Uma das minhas maiores inspirações foi o Gustavo Torres, o menino que criou o Descobrindo o Sonho Jovem.

A gente estudou na mesma escola, que é pública, morou no mesmo bairro e ganhou bolsa numa escola muito boa. Acabou prestando para várias universidades fora do Brasil e passou em praticamente todas.

Agora, ele estuda em Stanford. É minha maior inspiração. Cresci vendo ele estudando, se esforçando, dando o máximo, tendo oportunidades, tendo a chance de estudar numa escola melhor, ter um ensino melhor e conseguir chegar aonde ele sempre sonhou.

Ter só um exemplo isolado de uma pessoa que você conhece é muito diferente de você ver várias pessoas que também vieram de realidades parecidas e tiveram oportunidades muito bacanas.

Estudar fora é uma coisa incrível, passar anos em culturas diferentes.

Por isso, queremos que a educação no Brasil seja melhor, que a gente tenha mais igualdade. Tenho consciência de que temos uma educação muito desigual.

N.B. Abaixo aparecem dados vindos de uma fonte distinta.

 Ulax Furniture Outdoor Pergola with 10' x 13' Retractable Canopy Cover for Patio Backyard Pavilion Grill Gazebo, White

Acho que a história da Tabata [Amaral, cofundadora do Mapa Educação que estou em Harvard (EUA)] é um pouco mais parecida com a minha. Somos de uma realidade parecida, da periferia de São Paulo. Por isso e pelo fato de ela ser mulher, eu me inspiro muito mais nela e tenho um pouco mais de contato com ela por causa disso.

Muitas dessas pessoas saem da periferia para conquistar o mundo. Quando vão para universidade muito conhecida, tipo a USP, Unicamp (Universidade Estadual de Campinas), dizem: 'Ele teve sorte'.

A gente tem que se esforçar muito, procurar contato. Se envolver em projeto, porque é muito difícil estar sozinho nessa caminhada.

Meu sonho é que a escola não fosse simplesmente para chegar e estudar para uma prova ou para o vestibular. Que você conseguisse aprender a cozinhar, costurar, montar coisas, que fosse uma coisa mais ampla, que conseguisse aprender várias coisas para aplicar no seu dia a dia.